BumbleBee malware returns to the scene after a 4-month hiatus

The sophisticated Bumblebee shipper has returned to the threat landscape after a four-month hiatus, with a new email campaign targeting thousands of organizations across the United States.

Bumblebee, an initial login loader used by multiple cyber criminal groups to eliminate various payloads such as infostealers, banking Trojans and post-compromise tools, primarily appeared on the scene in March 2022. Until last October, threat actors relied heavily on it as their malware loader of choice, only to disappear from researchers’ radar.

The Charger has reportedly returned in a campaign observed this month by the Proofpoint Threat Research Team to a blog post published Tuesday. The campaign includes several thousand emails with the subject “February Secretariat”, sent by the sender “info@quarlesaa[.]com” and containing malicious Microsoft OneDrive URLs.

These URLs lead to a Word file with names like “ReleaseEvans#96.docm” that spoofs the consumer electronics company Humane. The researchers found that the attack vector ultimately uses a PowerShell command to download and execute a Bumblebee DLL file as an entryway for further malicious activity.

The return of the loader is a harbinger of things to come, Proofpoint researchers noted, as it “is in line with a surge in cybercriminal threat activity after a notable absence of many threat actors and malware.”

2024 “started with a bang for cyber threat actors, with activity returning to very high levels after a temporary winter lull,” the researchers said. “Proofpoint researchers continue to observe new and creative attack chains, attempts to bypass detections, and updated malware from many threat actors, and clusters of unattributed threats,” adding that they expect this flurry of activity to continue through ‘summer.

Other malicious groups returning to action after a hiatus include groups that researchers track as post-exploitation operator TA582; aviation and aerospace targeting actor TA2541; and email campaigns powered by TA571 that provide the DarkGate malware, among others.

Bumblebee Malware’s new and noteworthy flight path

There are a couple of key aspects of the campaign that set it apart from previous attacks using Bumblebee. For example, the campaign uses VBA macro-enabled documents, a tactic rarely used today by threat actors from Microsoft it started blocking macros by default in 2022 to thwart malicious activity, the researchers said.

In the most recent campaign, the Word document used macros to create a script in the Windows temporary directory, which the macro then executed using the “wscript” utility. Inside the released temporary file was a PowerShell command that downloaded and executed the next step from a remote server, stored in a file called “update_ver.” The next step was another PowerShell command, which in turn downloaded and executed the Bumblebee DLL.

Interestingly, the researchers noted, the attack chains used in Bumblebee campaigns before the hiatus were significantly different. Previous campaigns sent emails containing URLs that led to the download of a DLL that, when executed, launched Bumblebee; or the emails contained exploitative HTML attachments HTML smuggling to drop a RAR file that, if executed, exploited the file WinRAR defect CVE-2023-38831 to install Bumblebee.

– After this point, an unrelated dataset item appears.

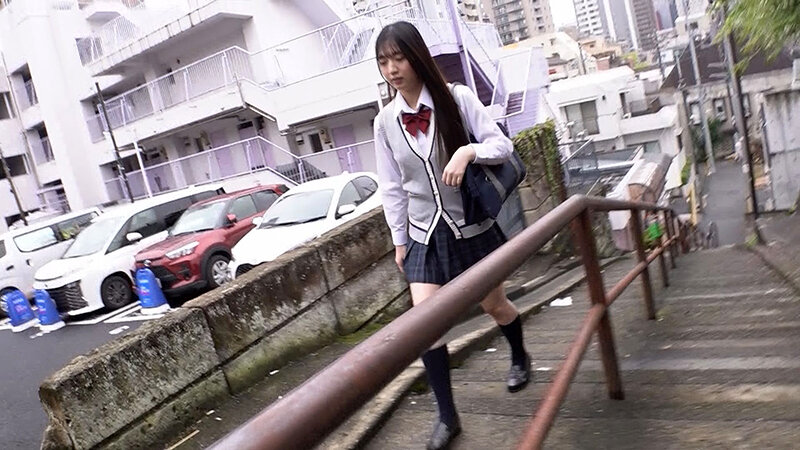 素人ナンパ 代々木でみつけたウブな女子校生に18cmメガチ〇ポを素股してもらったら、こんなにヤラしい事になりました。 永野鈴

Other previous Bumblebee campaigns leveraged emails with compressed, password-protected VBS attachments that, when executed, used PowerShell to download and run the loader, or emails that contained compressed LNK files to download an executable file that launched Bumblebee.

“Of the nearly 230 Bumblebee campaigns identified since March 2022, only five used macro-laden content; four campaigns used XL4 macros, and one used VBA macros,” according to the researchers.

Defenders beware

While Proofpoint did not attribute the recent Bumblebee campaign to any monitored threat actor, although the use of OneDrive URLs and return address appears in line with previous TA579 activity. However, the company has included a list of indicators of compromise (IoC) to aid in threat hunting.

The researchers also urged organizations to be on alert for the characteristics of the malicious email campaigns mentioned above and said they assessed with “high confidence” that Bumblebee is used “as an initial login facilitator to deliver subsequent payloads such as the ransomware.”

Organizations can also adopt basic security best practices to avoid compromises with malicious email campaigns, such as conducting employee training to help people identify phishing and other targeted scams and implementing email security scanning software. email that flags suspicious messages before they reach employee inboxes.